Purdue CS240 Autograder

2013-12-17 project xbu

For historical curiosity, this page records the work of Autograder, an automated grading platform used in Purdue CS240 “Programming in C” course. Students submit code for grading and later receive grades. This platform encouraged students to try achieving best score and also greatly reduced TAs’ workload. In Fall 2014 a new project gitlab-ag, based on GitLab, replaced Autograder.

Autograder has been deprecated. The purpose of this page is to summarize the knowledge and experience gained from this project so that we make better things in the future.

2014 Fall

Autograder was rewritten bottom-up. We replaced a UML-based sandbox with Docker because the former occasionally fails on Linux x86-64 kernel. The UI is reconstructed with Twitter Bootstrap. The event queue is rewritten to take advantage of multi-core hardware.

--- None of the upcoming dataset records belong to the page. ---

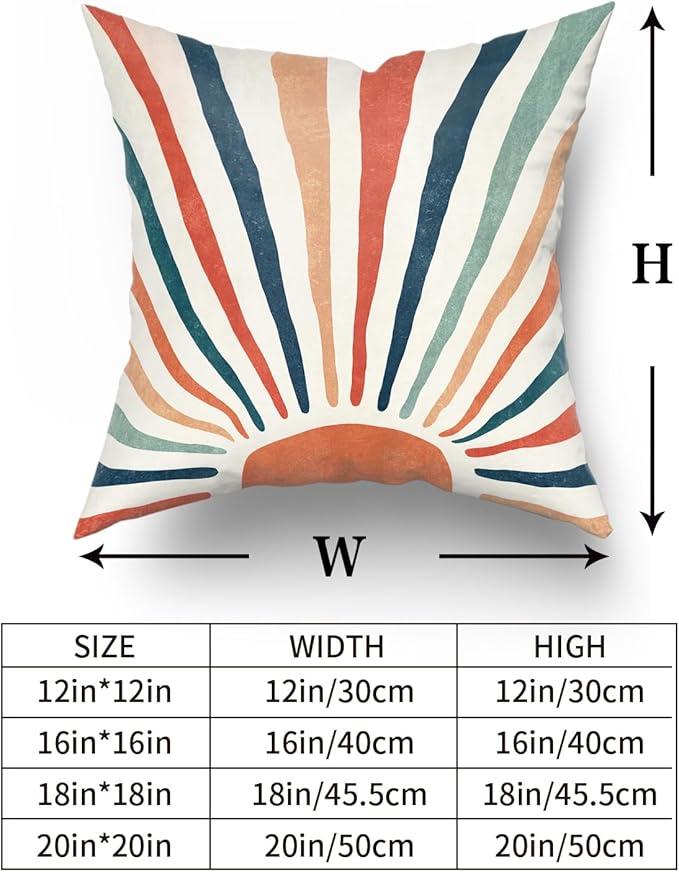 Giwawa Summer Pillow Covers 18x18in Set of 2 Colorful Boho Sun Sunset Sunrise Decorative Cotton Pillow Cases Sunshine Rainbow Stripes Throw Cushion Covers for Sofa Couch Bedding Patio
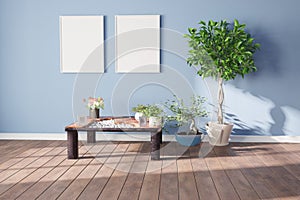 Modern room with table,plants,white empty frames.3D illustration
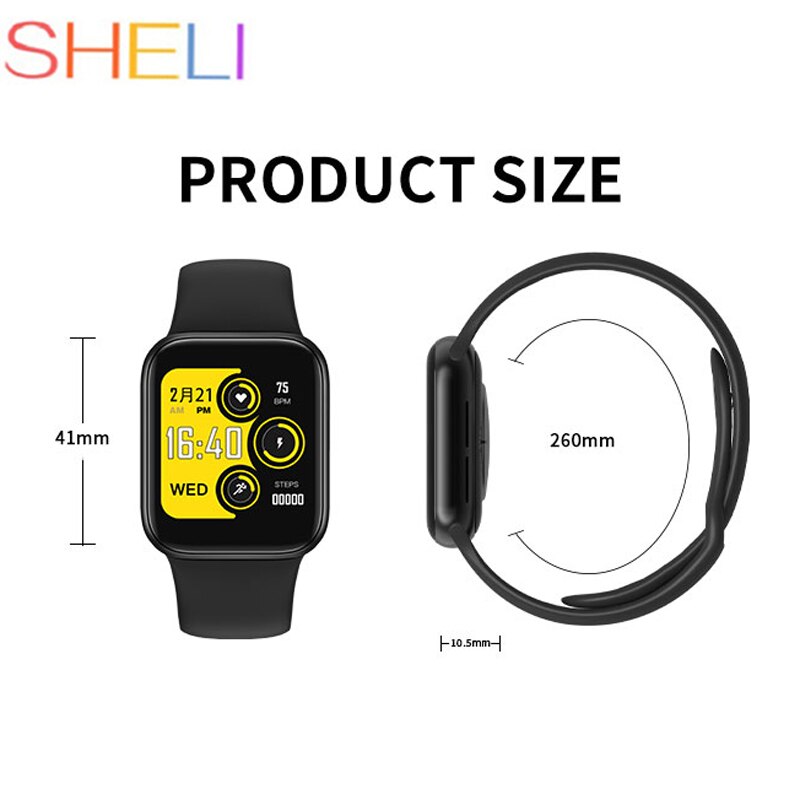 Smartwatch SHELI P80pro - Monitor Tętna i Ciśnienia Krwi - Tracker Fitness - Kolorowy Ekran LCD - Kompatybilny z iOS/Android
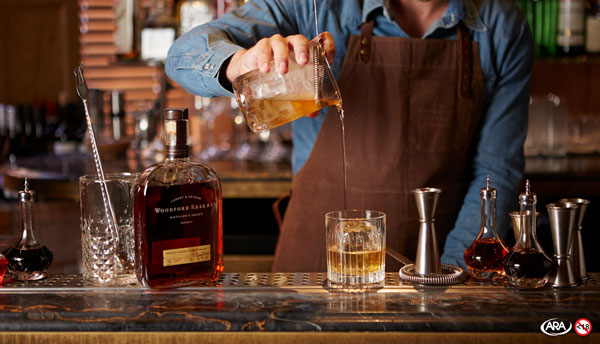 An old fashioned cocktail being poured. Photo supplied.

GitHub Repository: https://github.com/xybu/autograder

We stopped using Autograder because the course instructor is so busy that he did not manage to prepare lab assignments in advance enough for preparing test cases and grading scripts.

2014 Spring

Server / Web Interface:

UI improvements.
Improved self-maintenance capability.
Added daily submission quota functionality (can be turned off). E.g., if the quota is 15, then students are allowed to submit at most 15 times per day. This can be used to discourage late start and reduce the burden of the grading system.

From instructors’ perspective:

Admin control panel for instructors. Most common administrative operations can be done through web interface rather than direct file operations, thus reducing the permission level granted to every TA. This should enhance the system stability especially when there are a number of TAs modifying the file system.
Improved debug mode. Instead of printing everything (Fall 2013), only the information about where the student program goes wrong will be printed. So TAs should feel more comfortable with it.
Removed the historical rule that “the total point for an assignment must be 100”. Now the instructors can set their own total grade like (“60 / 60” for an assignment).

From students’ perspective:

Added a general guidance page to introduce the system. No need to teach students how to use it in the first lab session.
Student will see more info about his/her status for each assignment.

TODO list:

OS update
move dump to tmpfs
“Regrade my last submission”
How would a self-hosted Git server + hooked grading system work?

2013 Fall

Changes in terms of system stability:

Isolation of TA platform and student platform for performance, security, and flexibility.
Modularized and standardized test scripts (e.g., file ops, segfault detection functions, etc.) that makes TAs write stable Autograder code more easily.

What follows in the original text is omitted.